I am still fascinated with electricity and all the things it can do.  (Yes, I can still stare at a running 60KW generator in total awe for quite a while.)  Having a home with toddlers in it pressured me into building redundant lighting in my homestead back in the 80’s.  (The kids were not nearly as stressed if the lights managed to stay on during a storm.)  I came up with two solutions.  First I installed 12V “Grain of wheat” lamps in the ceilings of all the rooms and installed 12V powered wall lights over the fireplace. (Hey they were popular in the 80’s)

(It became unnecessary to have a flashlight since every room in the house was always Illuminated.)   The charger and deep cycle batteries were in the garage with a heavy gauge wire run to a closet DC distribution box.

When “Puck” LED lights became popular in the 90’s I changed out the incandescent grain of wheat lamps out with LED ones.  They are quite flat and about 3″ in diameter.

They produced considerably more light and consumed much less power.

The third generation LED lights I installed had a motion sensor in them.  Normally the motion sensor would illuminate the unit for a minute or two.  I soldered a resistor across the switch so that the LED always glowed and would brighten considerably when the motion sensor was activated.  I installed these modified units in the dark areas of the house.  (Bathrooms with no windows and closets)  Further I powered them with a separate 4.5VDC power supply+Battery replenished with a solar panel permanently installed on the roof.

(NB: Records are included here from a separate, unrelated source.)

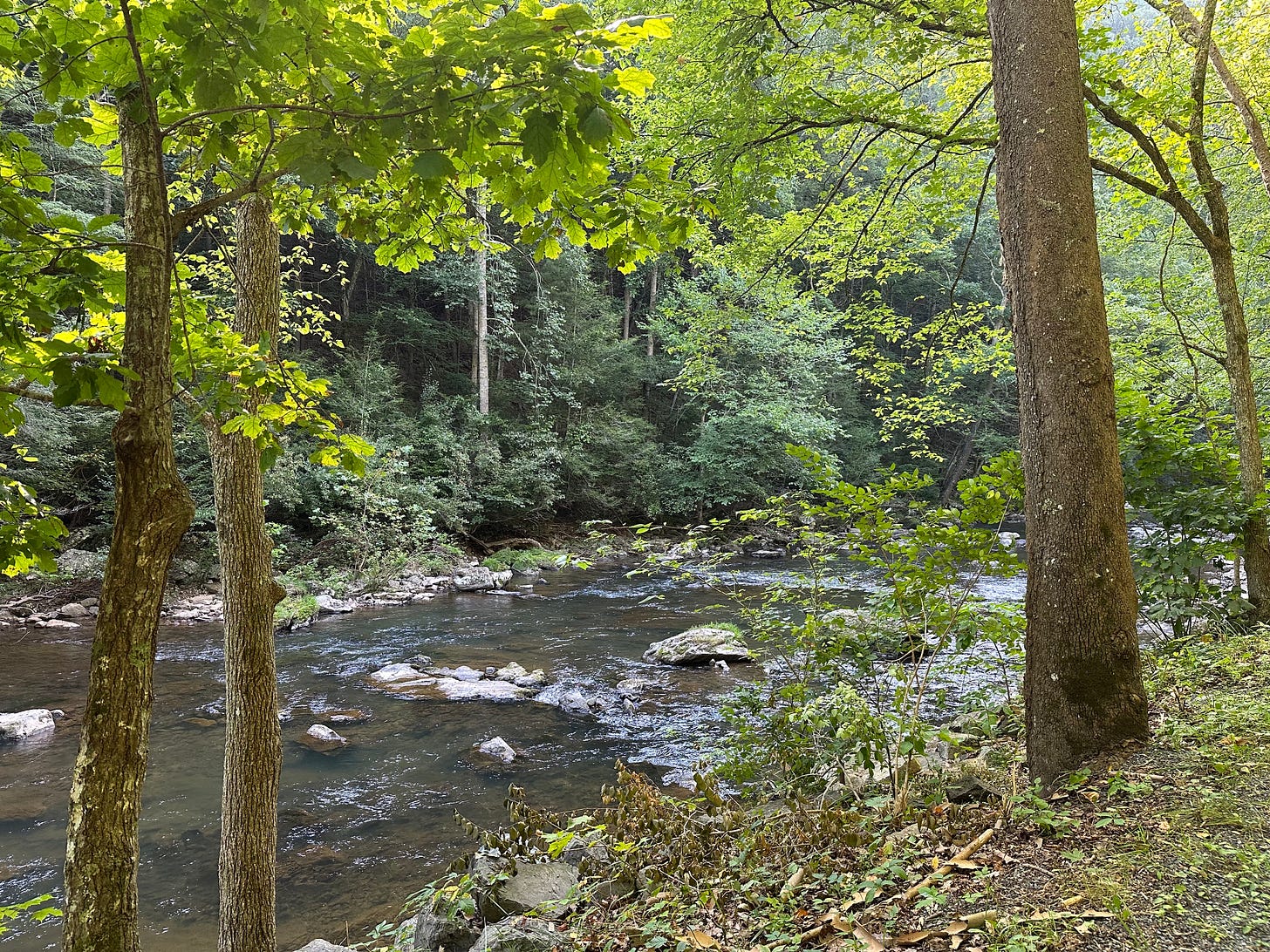 An image of a river with rocks in it, and bright green trees and cliffside rocks around it. 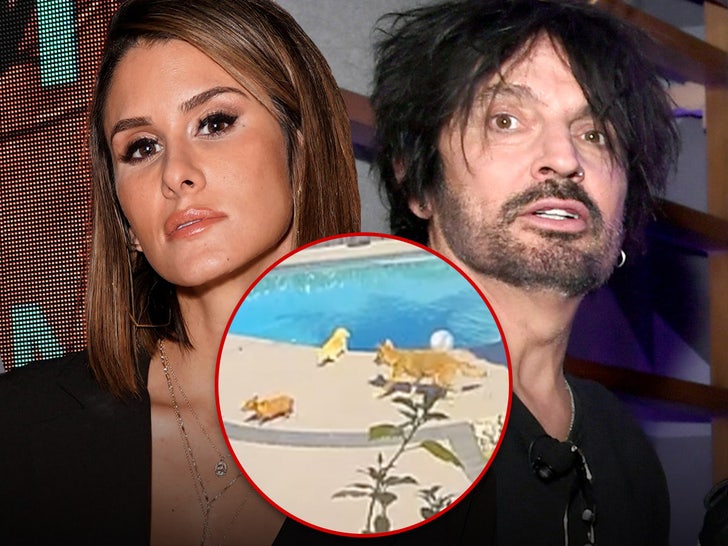 Tommy Lee & Brittany Furlan’s Dog Snatched By Coyote From Their Backyard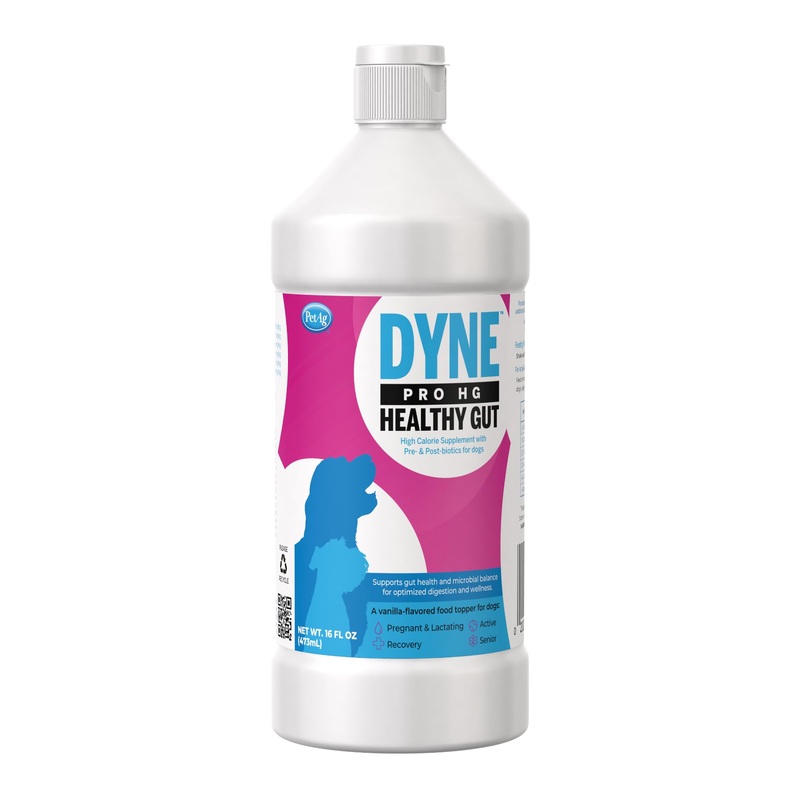 PetAg Dyne PRO HG Healthy Gut for Dogs & Puppies 8 Weeks & Older – 16 oz – High Calorie Liquid Nutritional Supplement with Pre- & Post-Biotics – Supports Endurance & Gut Health – Sweet Vanilla Flavor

Is there anything that Software cannot do?

While I was deep into firmware based microprocessor projects Microsoft and IBM released the Personal Computer based on a similar Microprocessor.  From then until now I’ve built many projects that are a simple hardware circuit driven by software. (One of the first solutions was a software thermostat for the house in the late 80’s.)  I have maybe a dozen Raspberry Pi’s that have proven to be extremely reliable considering their low cost.

Hardware or Firmware solutions

In the 80’s microprocessors had become mainstream and my curiosity moved from analog hardware solutions to digital ones.  There were several local stores that I could buy 7400 series Integrated Circuits in DIP packages for pennies.  I was fascinated with the ease of building an If/Then digital circuit and tie that to a discrete component to power the action desired.  Darlington transistors, especially PNP ones were terribly easy to interface with an open collector Integrated circuit.  When the Zilog Z80 Microprocessor came out, I moved onto writing machine code into EEPROMS to get the desired results into my If/Then digital circuits I already knew. (I built a firmware based recipe box and a homemade Inverter/Charger that is commonly called a UPS today.)

Fast track Ohms Law and basic electricity

As a young child of the 1960’s I was fascinated with batteries and electricity.  To feed my curiosity I had an Allied Radio catalog that (much like Amazon today) I could order about anything I could afford and have it delivered to our door.  I spent the next 10 years building small circuits to fit a wide array of purposes.  (I almost always had a solar powered radio in some form.) When I finally went to Junior College I already had a basic understanding of how most things around the house worked.